# Infrastructure Driver Notes

Setup the infrastructure needed to run NVIDIA physical AI synthetic data
generation (SDG) workflows.

## Infrastructure stack

This infrastructure skill covers the Kubernetes stack: OSMO for workflow
execution plus an inference provider of choice. Kubernetes deployment may be a
proper cluster like Azure Kubernetes Engine, or a single-node deployment like
MicroK8s. Docker-only workflows are out of scope for this infrastructure skill;
route those to the workload skill directly.

## Full stack component selection

Pick exactly one option per component. The sub-skill handles its own layer — this root only sequences them.

## 1. Kubernetes

| Option | Sub-skill | When |
|--------|-----------|------|
| MicroK8s | `../cluster-microk8s/reference.md` | Local dev, single-node CPU+NVCF or GPU+NIM |
| Azure | `../cluster-azure/reference.md` | Production, multi-node, managed |

## 2. Orchestration (OSMO)

Sub-skill is dictated by component selection in **1. Kubernetes**.

| Kubernetes Component | Sub-skill | When |
|--------|-----------|------|
| MicroK8s | `../osmo-k8s/reference.md` | MicroK8s cluster |
| Azure | `../osmo-azure/reference.md` | Azure AKS cluster |

Both OSMO install paths leave a persistent port-forward on `localhost:9000` — downstream skills (workload) rely on it and will not start their own.

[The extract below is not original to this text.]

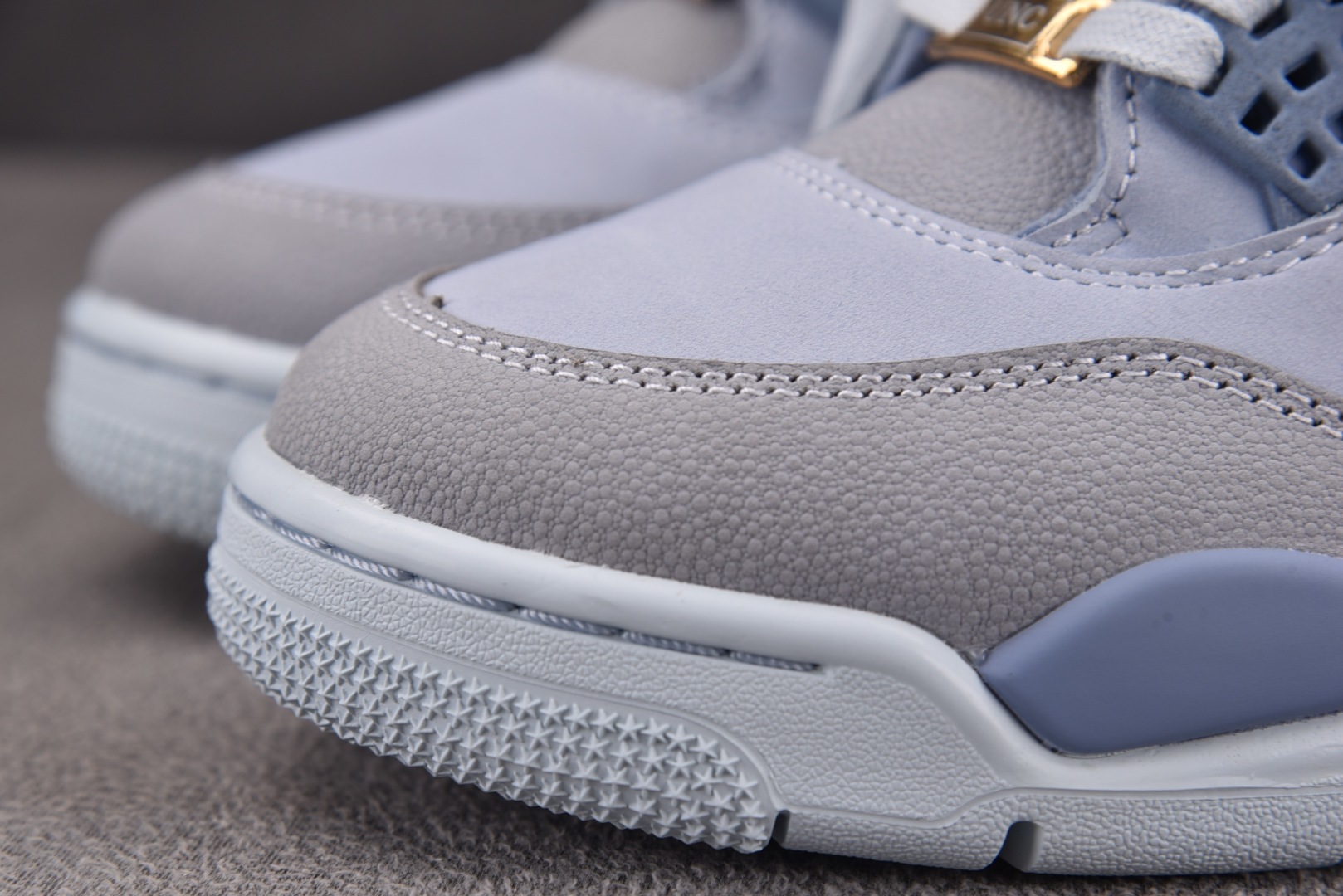 AJ4 尺码40-48.5

纯原版出品-Air Jordan 4 Retro NCAA UCLA 浅蓝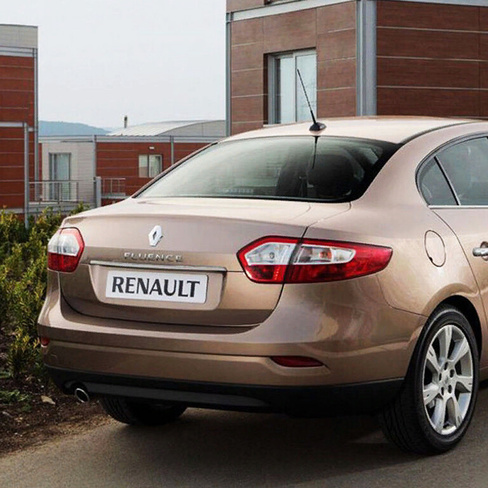 Задний бампер в цвет кузова Renault Fluence (2009-2013) КУЗОВИК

OSMO storage is configured in-band by the upstream deploy script - all options run `deploy-osmo-minimal.sh` in the main OSMO repo which in turn runs `configure-storage.sh`.

## 3. Inference Provider

| Option | Sub-skill | When |
|--------|-----------|------|
| NIM Operator (in-cluster) | `../inference-nim-operator/reference.md` | GPU in cluster; low-latency/air-gapped |
| NVCF (pre-deployed cloud) | `../inference-nvcf/reference.md` | Cloud inference, no cluster GPU budget; needs `NVCF_API_KEY` |
| Azure AI Foundry (serverless) | `../inference-azure/reference.md` | Azure cluster, pay-per-token |
| None | — | Workflow does not need inference endpoints |

## 4. Workload

Any skill exposing an OSMO workflow YAML can be submitted via `osmo workflow submit`. OSMO workflow YAMLs are largely portable across environments, with exception to those that may specify an inference provider.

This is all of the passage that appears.